The study sought to identify hip implant materials that carry a higher risk of requiring revision, thereby assisting orthopedic surgeons and patients in making informed decisions regarding their surgery by highlighting options with the lowest revision risk.
The independent research, published today in PLOS Medicine, was funded by CeramTec and received support from the National Institute for Health and Care Research (NIHR) along with the NIHR Bristol Biomedical Research Centre (Bristol BRC).
Researchers analyzed data from the National Joint Registry (NJR), which included records from 1,026,481 hip replacement operations conducted in both NHS and private sectors in England and Wales over a period of up to 15 years (from 2003 to 2019).
Upon reviewing the NJR data, the research team discovered that the likelihood of needing a revision after a hip replacement is markedly affected by the materials used in the bearing surface. The bearing surfaces are the sections of the artificial hip joint that move relative to each other during activity.
Findings indicated that implants with a delta ceramic or oxidized zirconium head and a highly crosslinked polyethylene liner or cup had the lowest revision rates over the 15 years following hip replacement surgery.
This conclusion was reaffirmed when the team examined the specific causes that led to revision surgeries being required. The data showed that 20,869 patients (2% of the total) underwent revision surgeries after their initial hip replacement.

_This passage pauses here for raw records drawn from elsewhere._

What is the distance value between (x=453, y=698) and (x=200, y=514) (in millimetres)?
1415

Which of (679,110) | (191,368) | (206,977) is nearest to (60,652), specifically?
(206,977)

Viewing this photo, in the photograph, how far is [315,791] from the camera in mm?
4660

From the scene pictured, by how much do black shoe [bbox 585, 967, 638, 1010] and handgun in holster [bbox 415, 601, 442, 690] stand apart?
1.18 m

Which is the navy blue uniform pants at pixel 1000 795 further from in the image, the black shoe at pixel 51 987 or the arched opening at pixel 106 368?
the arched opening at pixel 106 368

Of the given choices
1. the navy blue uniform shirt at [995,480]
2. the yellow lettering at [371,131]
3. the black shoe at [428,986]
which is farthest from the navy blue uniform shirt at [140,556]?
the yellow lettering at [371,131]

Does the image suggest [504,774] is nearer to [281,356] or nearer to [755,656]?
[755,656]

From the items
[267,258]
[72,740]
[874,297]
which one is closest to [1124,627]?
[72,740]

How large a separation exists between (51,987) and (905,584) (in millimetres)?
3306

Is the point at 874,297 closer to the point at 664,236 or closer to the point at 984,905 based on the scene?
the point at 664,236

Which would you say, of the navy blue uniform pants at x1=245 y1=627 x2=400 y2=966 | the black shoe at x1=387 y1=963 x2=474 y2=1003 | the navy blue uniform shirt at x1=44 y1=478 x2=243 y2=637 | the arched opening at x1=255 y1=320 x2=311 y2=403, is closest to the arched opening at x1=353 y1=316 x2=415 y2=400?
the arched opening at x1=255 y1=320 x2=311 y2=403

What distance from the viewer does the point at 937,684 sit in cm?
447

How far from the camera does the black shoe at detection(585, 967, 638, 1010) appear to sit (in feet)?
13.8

Dr. Erik Lenguerrand, a Senior Lecturer in Medical Statistics and Quantitative Epidemiology at the University of Bristol, and a senior author of the study, stated: “Our research indicates that the risk of hip replacement revision is influenced by the materials used in the implants. The implants with delta ceramic or oxidized zirconium heads combined with a highly crosslinked polyethylene liner or cup carry the lowest risk of revision.”
“More research is needed to explore how implant materials correlate with risks of rehospitalization, other re-operations, mortality, and the overall cost-effectiveness of these materials.”
Michael Whitehouse, a Professor of Trauma and Orthopaedics at Bristol Medical School and senior clinical lead for the paper, noted: “This study utilized data from one of the world’s largest registries encompassing all public and private healthcare sectors in England and Wales, which enhances the applicability of our findings compared to previous data that had limitations due to broad categorizations of implant types or smaller sample sizes. It underscores the significance of examining the complete structure formed by the combination of implants used in a hip replacement rather than isolating each component.”
“Our results will assist hospitals, surgeons, and patients in selecting hip implants and their combinations that pose the least risk of revision after the initial surgery.”
Tim Wilton, the Medical Director of the National Joint Registry (NJR), added: “We are continually pleased when NJR data is leveraged for impactful research like this, providing meaningful insights to guide surgeons and patients in their decision-making. The NJR data offers a unique avenue for assessing the long-term performance of various hip implant materials.”
“By tracking combinations of materials and their associated revision rates, this study emphasizes the critical role of implant material selection on surgical outcomes. This can help ensure that the materials chosen are optimized for durability and patient well-being. Surgeons should closely examine these findings regarding their implant options and incorporate this information into pre-operative discussions with their patients as the demand for joint replacements rises, this insight is invaluable for reducing revision surgeries.”
It is important to note that this research was not a randomized controlled trial, meaning that not all factors influencing revision risk could be adequately controlled.
The classification of hip implants within national joint replacement registries often oversimplifies the variety of materials, which can obscure the differences in revision risks associated with distinct implant types.
Joint replacement surgery is a widespread and effective option for addressing various musculoskeletal issues like osteoarthritis and acute trauma, with over 110,000 procedures performed annually in the UK. Projections show that by 2060, the demand for joint replacements could increase by nearly 40% from current figures. These procedures are designed to last, with over half of hip and knee replacements remaining functional beyond 25 years.
The research team extends gratitude to the patients and staff at hospitals across England, Wales, and Northern Ireland for their contributions to the NJR data, along with recognition to the Healthcare Quality Improvement Partnership, the NJR Research Committee, and NJR staff for their support in facilitating this research.